Diary of a Financier

Bookshelf Update: Lessons from the Greatest Trader You’ve Never Heard Of

In Bookshelf on Sat 7 May 2011 at 03:32
  • Unsung legend Peter Brandt compiled his top lessons from over 30 years in the Markets.

I just had to post these wonderful lessons from a market veteran. Head over to my Bookshelf for the complete document. Hattip to Josh Brown, who rolled out the red carpet to welcome the Greatest Trader You’ve Never Heard Of, Peter Brandt, to the blogosphere:

Peter Brandt may be the greatest trader you’ve never heard of. We consider him a legend thanks to his stunning performance–a thirty-year track record (audited) of 41.6% compound returns.

Just as impressive is the manner in which those returns were achieved. Over a multi-decade span, Peter’s best year topped 600 percent… and yet his worst losing year (of which there were only four) was a single-digit decline of less than 6 percent!
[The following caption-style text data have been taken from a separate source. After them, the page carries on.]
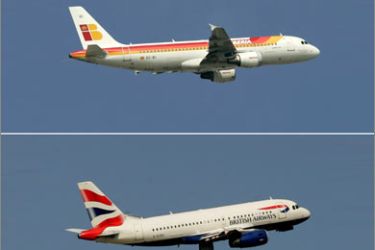 CH009 - Barcelona, -, SPAIN : (FILES) A combination of pictures taken on October 19, 2007 shows an Iberia aircraft (top) and a British airways aircraft taking off from El Prat airport in Barcelona. British Airways said it will hold talks later on Thursday November 12, 2009 with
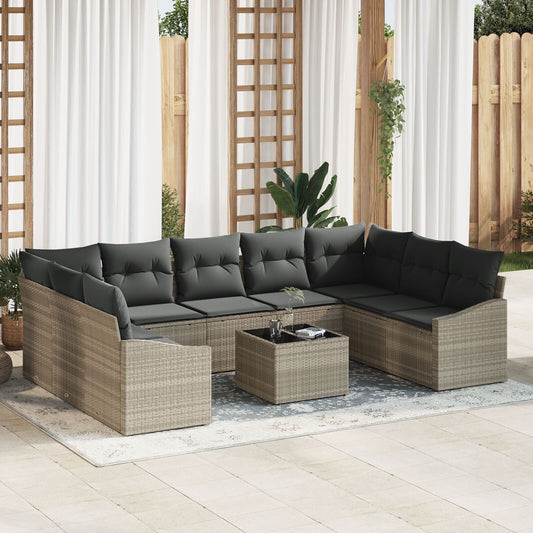 10 Piece Garden Dining Set with Cushions Grey Poly Rattan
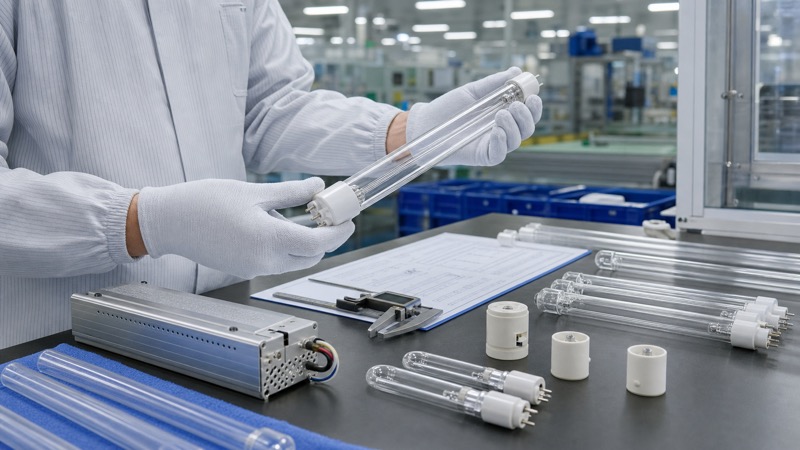 Technician inspecting customized UV lamp tubes and bases for OEM equipment manufacturing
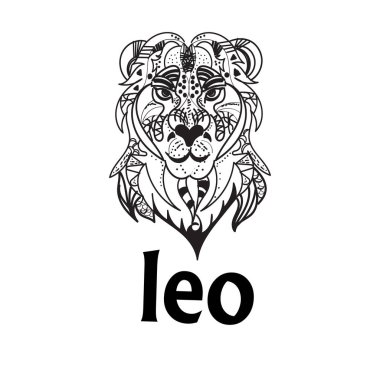 Leo sembolü dövme ya da logo için iyidir, modern sanat illüstrasyonu için.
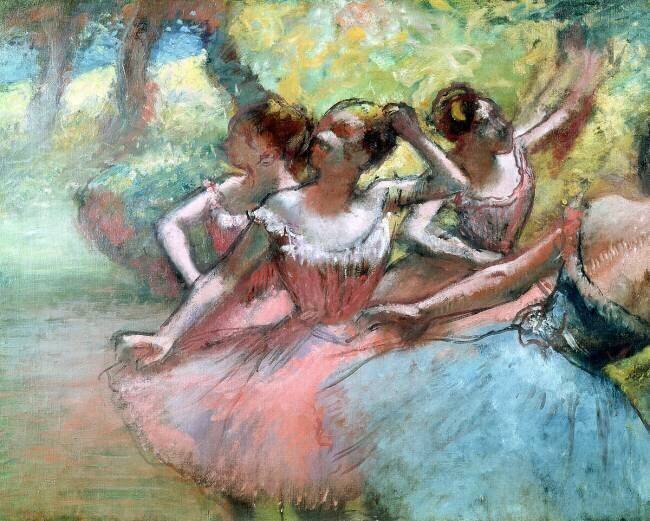 Four ballerinas on the stage  Edgar Degas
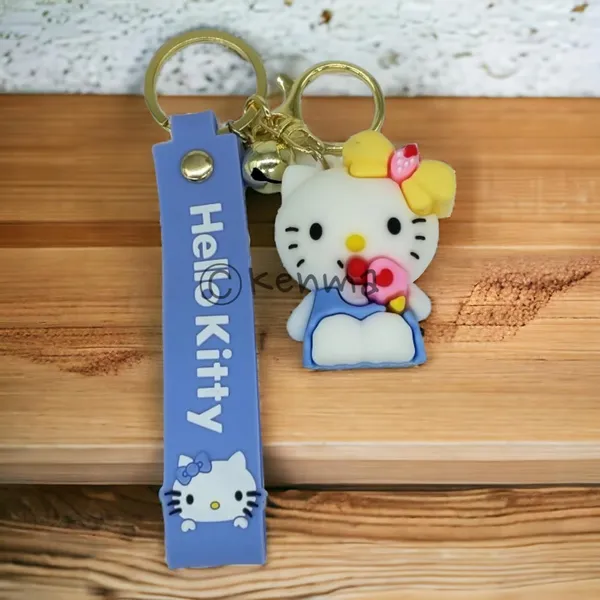 Cute_Hello_Kitty_3D_Sitting_Blue_Lanyard_Rubber_Keychain_Lanyard_Charm_Keyring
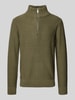 SELECTED HOMME Strickpullover mit gerippten Abschlüssen Modell 'AXEL' Oliv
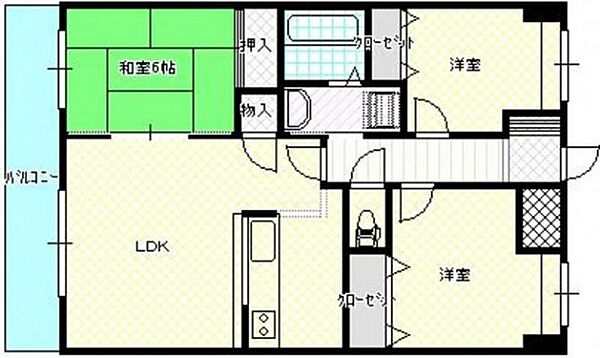 広島県広島市西区福島町2丁目(賃貸マンション3LDK・6階・74.82㎡)の写真 その2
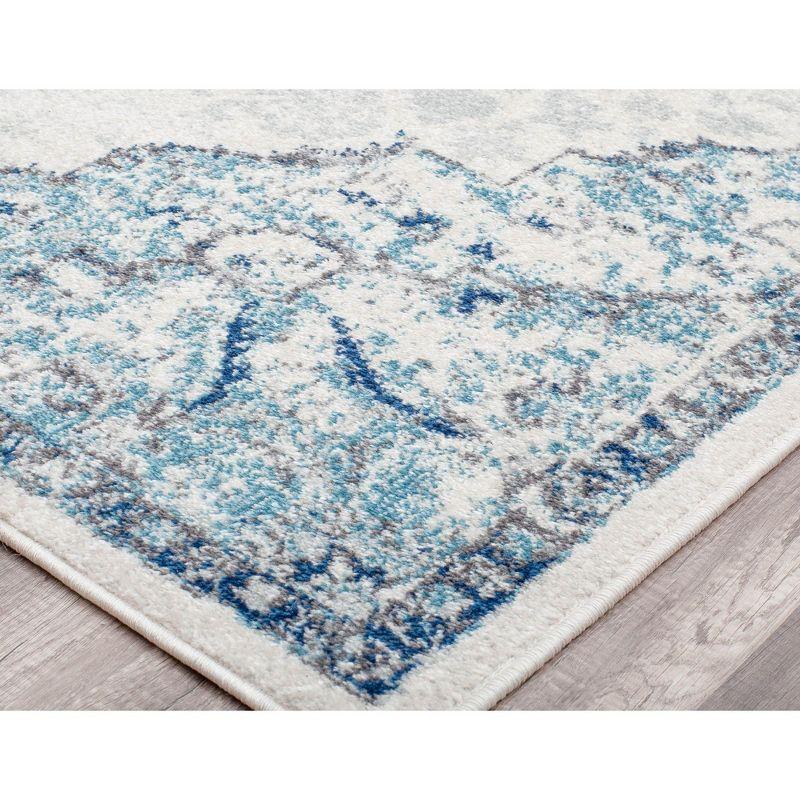 Rugs America Harper HY50G Bluebonnet Transitional Vintage Area Rug for Dining Room Rug Neutral Rug Living Room Rug Kitchen, 2'6"x4'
Mr. Brandt’s latest endeavor is Factor Trading Co., originally a proprietary shop that now also manages institutional money. He’s blogging regularly throughout the trading day too. From within Factor Trading Co’s Trading Plan, I found this gem. These are the notches on Mr. Brandt’s bedpost:

Trading Lessons Learned by Factor During the Years

  1. Except for a few tremendously gifted traders (not including me), day trading is a loser’s game.
  2. Trades decided upon at a moment in time during active market hours will contribute negatively to my net bottom line.
  3. Combating my emotions (fear, greed, hope) is my primary challenge in trading.
  4. It is better to miss a trade all together than to be obsessed about being in a certain market.
  5. I do not need to recover the losses from one market in the same market. A given market owes me nothing.
  6. I need to maintain little or no tolerance with breakouts that are not decisive or that put a trade into the red; Agonizing patience with trades that remain in the black gives [sic] a trade plenty of leeway to reach its target.
  7. My focus needs to remain the search for the 20 or so best examples of classical charting principles each year, with the goal of successfully trading the majority of these market situations.
  8. The trading plan will be profitable in about 35% of trading events over an extended period of time. However, over shorter periods of time the plan may be profitable in as few as 15% of trading events.
  9. Expect the bottom line over an extended time frame to be represented by only 10% of all trades. The other 90% of trades will be washes.
  10. There will be losing trades, losing weeks, losing months, and very unfortunately, even losing years.
  11. Every year will experience a drawdown of 10% of assets. Many years will encounter a drawdown of 15% of assets.
  12. Most chart patterns, especially those of shorter duration (less than 8 to 10 weeks), completely fail or morph into part of a larger chart construction.
  13. Being profitable over an extended period of time is far more important than being right on the next trade or series of trading events – consistently following a sound trading plan is not measured by the results of any given trade or series of trades.
  14. An emphasis on sound (in fact, ruthless) risk management protocols with the faith that preserving trading assets is a prerequisite to be positioned for long-term profitability. A trader’s pile of chips needs to be protected as a first priority.
  15. Severe drawdowns are very difficult to overcome. A trader should never be more than one to three fully leveraged good trades away from new capital highs.
  16. I need to retain an intentional alertness for a few trading events per year (two or three) that are characterized by multiple technical confirmations (the stars becoming aligned) and a low risk entry point where extraordinary leverage can be employed with only marginally greater risk.
  17. A difficult but [sic] necessary component for success is an extreme amount of patience, waiting and waiting for a pattern to become fully mature – and then the discipline to pull the trigger with an appropriate amount of leverage.
  18. A sum of profits or certain rate-of-return is not a legitimate goal in trading. Rather, the goal must be to properly execute clearly understood strategic and tactic maneuvers. Control the controllable, let go of the uncontrollable!
  19. Failure to achieve the above will happen. A trader needs to have the ability for immediate self-forgiveness when getting off the script, realizing that a focus on past/recent mistakes can lead to a vicious cycle.